Available with Geostatistical Analyst license.
The semivariogram and covariance functions quantify the assumption that things nearby tend to be more similar than things that are farther apart. Semivariogram and covariance both measure the strength of statistical correlation as a function of distance.
The process of modeling semivariograms and covariance functions fits a semivariogram or covariance curve to your empirical data. The goal is to achieve the best fit, and also incorporate your knowledge of the phenomenon in the model. The model will then be used in your predictions.
When fitting a model, explore for directional autocorrelation in your data. The sill, range, and nugget are the important characteristics of the model. If there are measurement errors in the data, use a measurement error model. Follow this link to learn how to fit a model to the empirical semivariogram.
The semivariogram is defined as
γ(si,sj) = ½ var(Z(si) - Z(sj)),
where var is the variance.
If two locations, si and sj, are close to each other in terms of the distance measure of d(si, sj), you expect them to be similar, so the difference in their values, Z(si) - Z(sj), will be small. As si and sj get farther apart, they become less similar, so the difference in their values, Z(si) - Z(sj), will become larger. This can be seen in the following figure, which shows the anatomy of a typical semivariogram.

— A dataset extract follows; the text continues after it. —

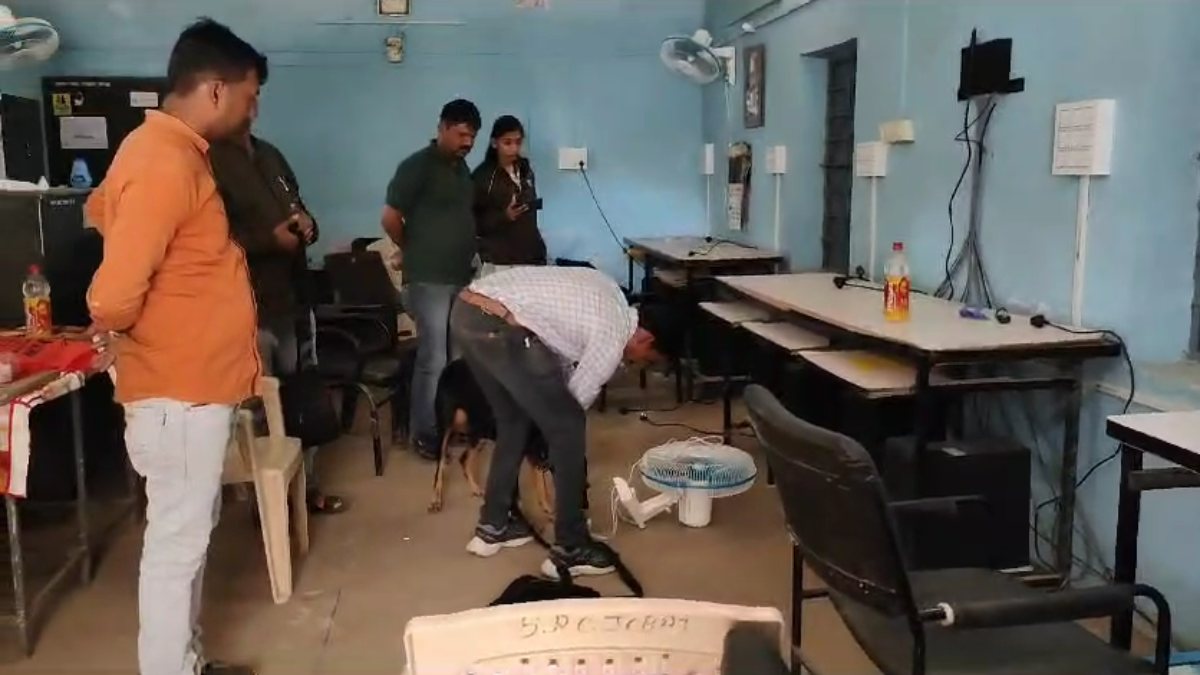 सरकारी दफ्तर भी नहीं सुरक्षित: ब्लॉक रिसोर्स सेंटर पर चोरों ने बाेला धावा, 10 कंप्यूटर-पंखे चुराए
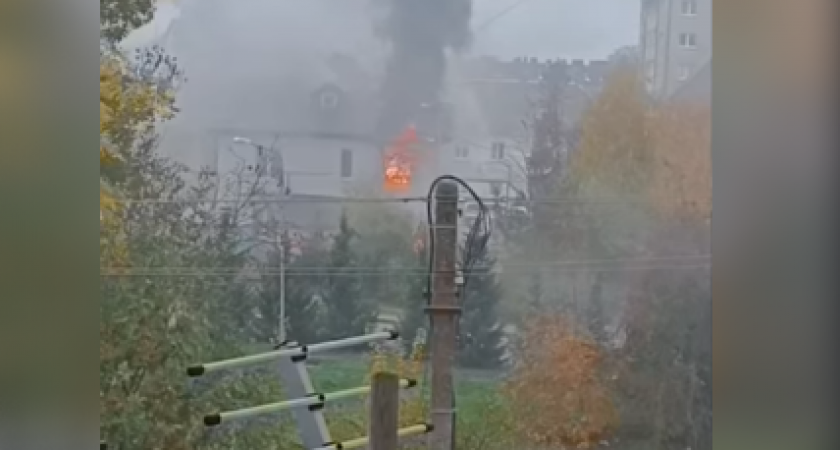 Пожар в Пионерском: видео пожара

Notice that the variance of the difference increases with distance, so the semivariogram can be thought of as a dissimilarity function. There are several terms that are often associated with this function, and they are also used in Geostatistical Analyst. The height that the semivariogram reaches when it levels off is called the sill. It is often composed of two parts: a discontinuity at the origin, called the nugget effect, and the partial sill; added together, these give the sill. The nugget effect can be further divided into measurement error and microscale variation. The nugget effect is simply the sum of measurement error and microscale variation and, since either component can be zero, the nugget effect can be composed wholly of one or the other. The distance at which the semivariogram levels off to the sill is called the range.
The covariance function is defined to be
C(si, sj) = cov(Z(si), Z(sj)),
where cov is the covariance.
Covariance is a scaled version of correlation. So, when two locations, si and sj, are close to each other, you expect them to be similar, and their covariance (a correlation) will be large. As si and sj get farther apart, they become less similar, and their covariance becomes zero. This can be seen in the following figure, which shows the anatomy of a typical covariance function.
Notice that the covariance function decreases with distance, so it can be thought of as a similarity function.
Relationship between semivariogram and covariance function
There is a relationship between the semivariogram and the covariance function:
γ(si, sj) = sill - C(si, sj),
This relationship can be seen from the figures. Because of this equivalence, you can perform prediction in Geostatistical Analyst using either function. (All semivariograms in Geostatistical Analyst have sills.)
Semivariograms and covariances cannot be just any function. For the predictions to have nonnegative kriging standard errors, only some functions may be used as semivariograms and covariances. Geostatistical Analyst offers several choices that are acceptable, and you can try different ones for your data. You can also have models that are made by adding several models together—this construction provides valid models, and you can add up to four of them in Geostatistical Analyst. There are some instances when semivariograms exist, but covariance functions do not. For example, there is a linear semivariogram, but it does not have a sill, and there is no corresponding covariance function. Only models with sills are used in Geostatistical Analyst. There are no hard-and-fast rules on choosing the "best" semivariogram model. You can look at your empirical semivariogram or covariance function and choose a model that looks appropriate. You can also use validation and cross-validation as a guide.